Authorities are pushing ahead with the move to raise as much as $10 billion from overseas capital markets, a proposal first flagged by Finance Minister Nirmala Sitharaman in her debut budget this month. The government wants to diversify its borrowing, which has so far been limited to the domestic market, and create a benchmark for future bond sales. With global interest rates low and falling, officials see the timing as favorable too.
But voices opposed to the plan are getting louder. A key ally of Modi’s ruling Bharatiya Janata Party has called the proposal a “dangerous idea," which could lead India into a debt trap. And ex-central bank governors like Raghuram Rajan say India’s weak public finances and struggling banks should give the government reason to pause.
“The slightest mismanagement of this route in future will expose the country to needless risks that it has hitherto been insulated from," said Manish Singhai, chief investment officer at Tokio Marine Asset Management in Singapore, adding the country was seeking “short-term gratification" in its decision to tap global markets.
India runs a current-account deficit, which makes it reliant on foreign inflows and vulnerable to swings in investor sentiment and the currency. Borrowing from overseas will not only increase the risk of currency volatility, but also boost debt costs on dollar bonds when the rupee weakens.
Ashwani Mahajan, co-convenor of the Swadeshi Jagran Manch, an economic policy group linked with the ruling BJP, said foreign debt would open India up to inflation threats too.
“It’s not correct to say these bonds are providing us cheap loans. We are ignoring the currency risk in this," he said by phone from New Delhi. “It may cause huge inflation in the country. If you start borrowing from abroad more currency will need to be printed. So it’s a dangerous idea."
The group is consulting with economists and will raise its concerns directly with Modi, he said.
The government points to India’s low external debt — which at about 20% of GDP is below most emerging-market peers — as providing room to borrow internationally.
The government is under pressure to borrow more to fund spending pledges, and is already planning to sell a record ₹7.1 trillion ($103 billion) of debt in the local bond market in the current fiscal year through March. It’s targeting a budget deficit of 3.3% of gross domestic product this year, but total public sector borrowing, which includes those by regional governments and state-owned companies, is estimated at more than 8% of GDP.
Potential investors are looking for fiscal restraint from the government, and see an international bond as instilling discipline on finances.

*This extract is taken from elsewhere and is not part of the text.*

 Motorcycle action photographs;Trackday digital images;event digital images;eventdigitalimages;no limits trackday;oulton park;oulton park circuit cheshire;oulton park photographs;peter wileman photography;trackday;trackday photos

“We really want to select credits where we know they will be conservative when they come to the market, disciplined in terms of size and pricing of the transaction, and that there are good checks and balances locally, whether through the budget process or through parliament, which really ensures that the use of proceeds is very tight," said Lupin Rahman, head of emerging-market sovereign credit at Pacific Investment Management Co. in London.
Analysts point to potential risks in India that have caused problems for some highly indebted countries in the past. In Argentina, sovereign bond yields and credit default swaps — insurance against non-payment — surged in 2010 after the central bank governor quit over pressure to transfer capital reserves to the government.

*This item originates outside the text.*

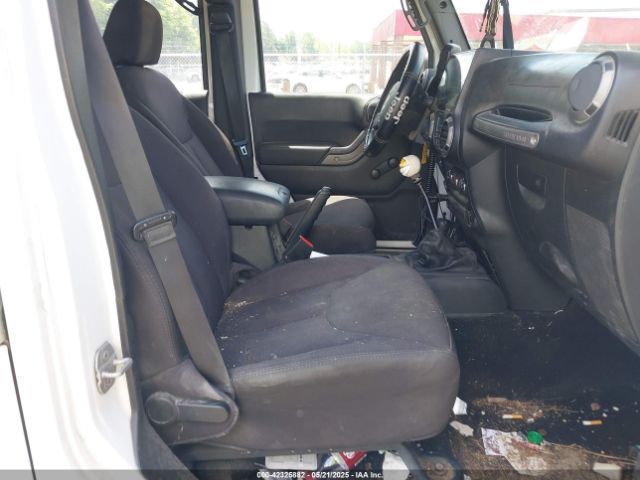 2014 JEEP WRANGLER UNLIMITED 1C4BJWDG1EL214307 Photo 4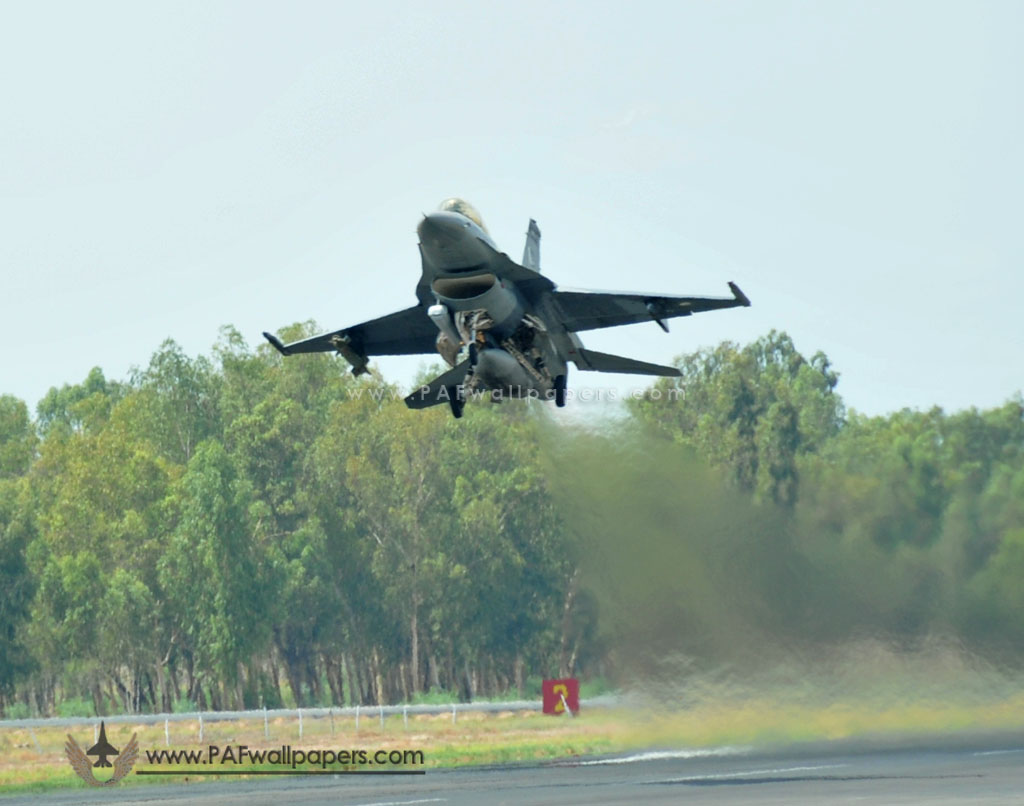 f-16_atlis_takeoff.jpg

In the same year, Greece was plunged into economic crisis after irregularities in accounting procedures meant the government had under-reported its fiscal deficit numbers.

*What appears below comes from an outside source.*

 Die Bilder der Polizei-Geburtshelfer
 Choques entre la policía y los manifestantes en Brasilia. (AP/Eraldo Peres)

In India, the government too is seeking a greater share of the central bank’s reserves, while the nation’s economic data has come under question amid accusations of political interference.
“Global markets and investors can be pretty unforgiving," said Amartya Lahiri, head of the Center for Advanced Financial Research and Learning, a Mumbai-based think-tank. “An overseas borrowing program will likely bring about greater market discipline on public finances."